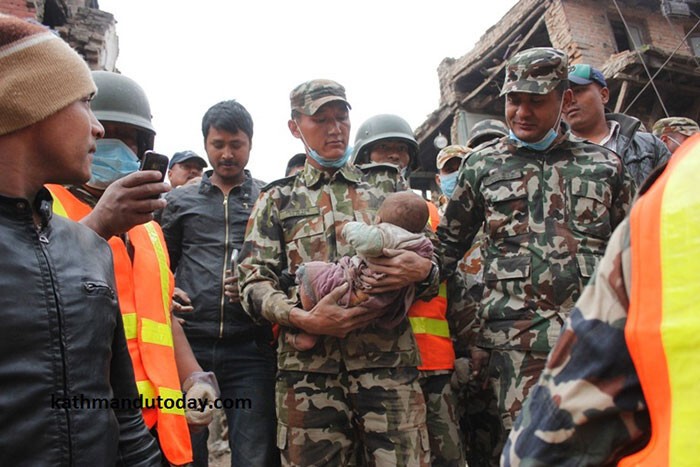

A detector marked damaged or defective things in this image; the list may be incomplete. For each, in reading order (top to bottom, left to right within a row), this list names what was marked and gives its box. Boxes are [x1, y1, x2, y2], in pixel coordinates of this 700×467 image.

damaged structure [0, 0, 117, 70]
damaged structure [412, 0, 700, 192]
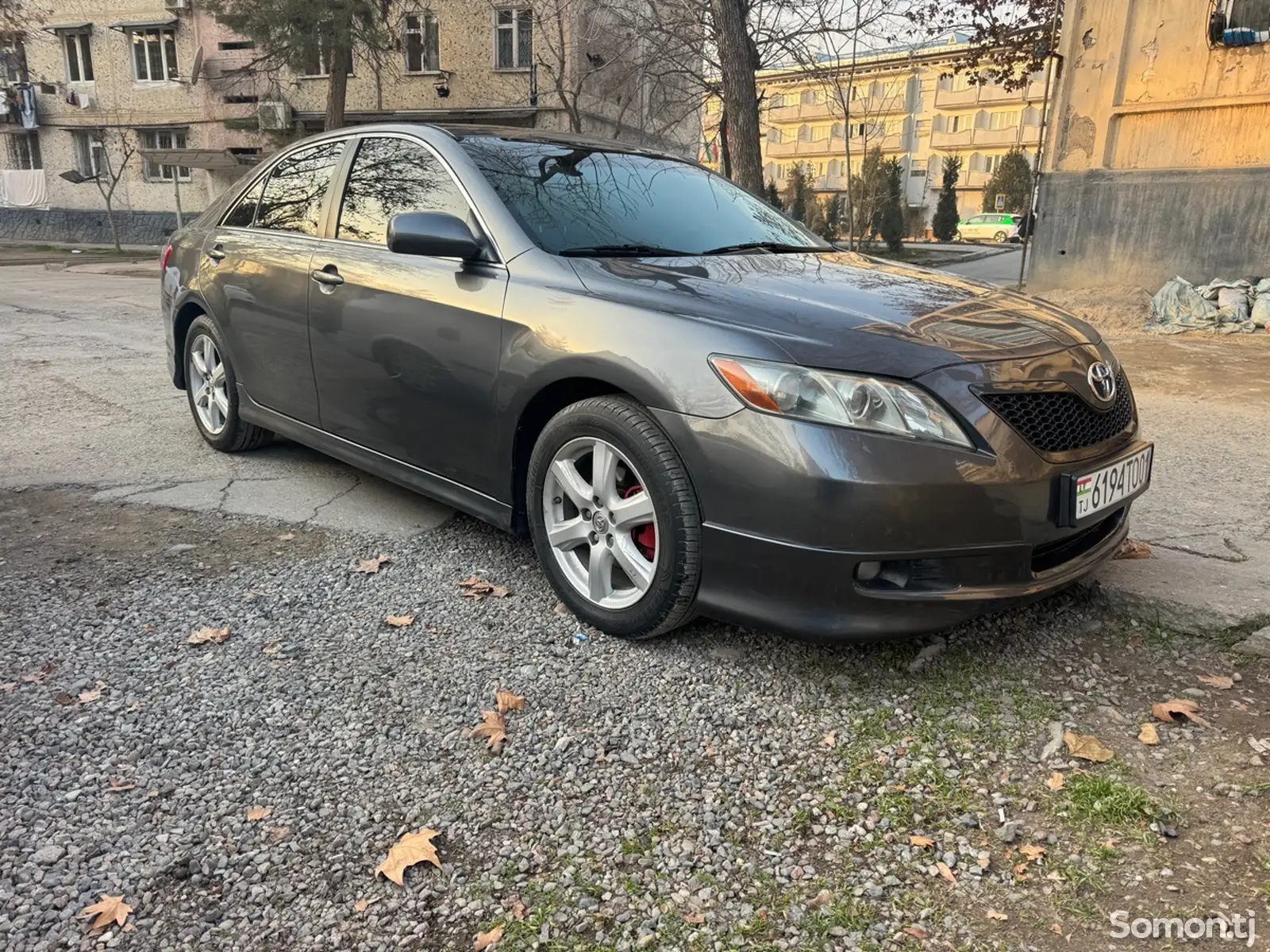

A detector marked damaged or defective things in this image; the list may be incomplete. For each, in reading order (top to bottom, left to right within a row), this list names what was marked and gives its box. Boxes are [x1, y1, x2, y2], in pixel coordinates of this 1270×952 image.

cracked asphalt [0, 268, 451, 539]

TASK GOAL
Write out the data word for word, with every picture dropped.

WRITTEN SOLUTION
A detector marked damaged or defective things in this image; the list may be incomplete. For each, in reading order (top to bottom, left to right within a row), this list names what was marked and gives its box. Boxes are [x1, y1, x2, y2], in pixel coordinates of this 700×467 image.

damaged structure [0, 0, 117, 70]
damaged structure [412, 0, 700, 192]

A detector marked damaged or defective things in this image; the list may be incomplete. For each, in reading order (top to bottom, left to right within a row), this list names what was marked and gives its box. Boxes are [x1, y1, x2, y2], in pixel coordinates of this 1270×952 image.

cracked asphalt [0, 268, 451, 539]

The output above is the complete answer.